The yearslong construction, completed this week, rebuilt narrow cobblestone streets and upgraded the stormwater and sewer systems in 26 blocks of one of the oldest neighborhoods in the city that sits between the Brooklyn and Manhattan Bridges. Municipal agencies, working with preservationists, uncovered 2,800 items, with most dating from the mid-1800s to the mid-1900s, though some went back as far as the 1600s.
Mark Tweedie, the archaeological monitor for the renovation, said he hopes to put some of the items on display at the Brooklyn Public Library. He worked alongside construction crews each day to keep an eye out for any historic artifacts that were uncovered.

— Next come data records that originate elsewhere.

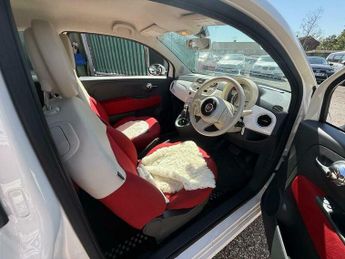 Fiat 500 1.2 Automatic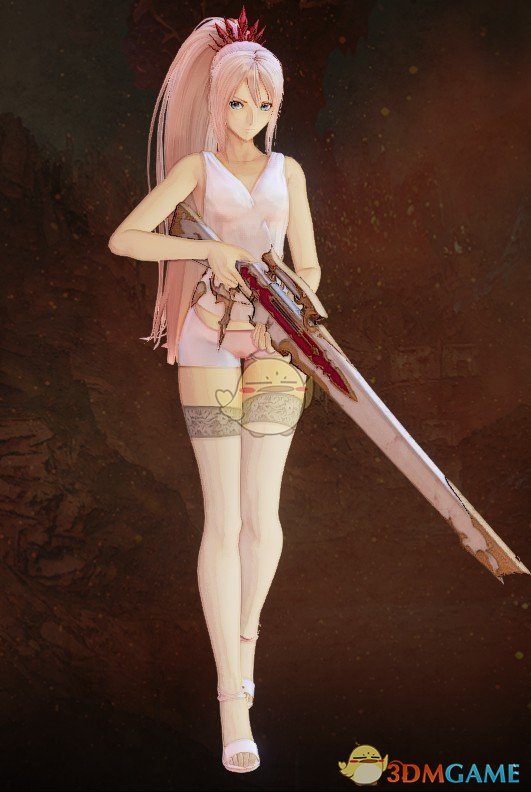 《破晓传说》希侬和琳薇尔的丝袜包MOD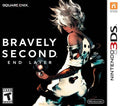 Bravely Second: End Layer (Nintendo 3DS) - Game Manual Only
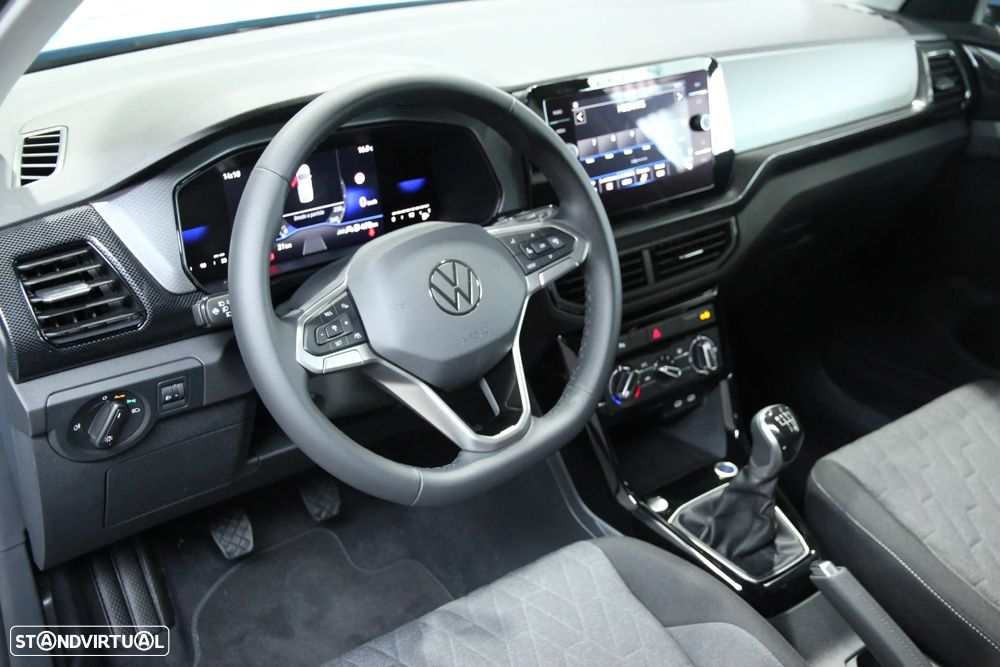 VW T-Cross 1.0 TSI Urban - 11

“From the surface down into the ground, everything essentially was an archaeological feature,” he said, adding there were "a lot of different aspects of history to record during this project.”
A copper button from the 1860s-1900s with the New York State Excelsior symbol.
A copper military button dating from the post-Civil War period and smoking pipes — including one with a Liberty Eagle motif dating to the 1860s — were some of relics that stuck out to Tweedie.
“We are essentially in the oldest section of Brooklyn and most of the artifacts date to about the 1790s up until the mid-20th Century, and that’s the period where things were really active,” Tweedie said, explaining that a lot of the artifacts also reflect the same time period as the landfilling of the coastline, from the mid-1700s until the 1850s.
The workers turned up various articles of stonewear, porcelain buttons, a 1969 penny and a bicentennial quarter, according to a preliminary archaeological report shared with Gothamist. There were iron pliers and Quahog clam shells. A galvanized tin bucket with concrete may have come from the construction of the Manhattan Bridge.
Late 1700s-mid 1800s animal bones, a copper belt buckle, a slip-decorated redware plate fragment, a bone/wood handle iron knife, and two mid-20th century soda bottles.
“Each artifact tells its own individual story. That’s what I find fascinating about it,” Tweedie said.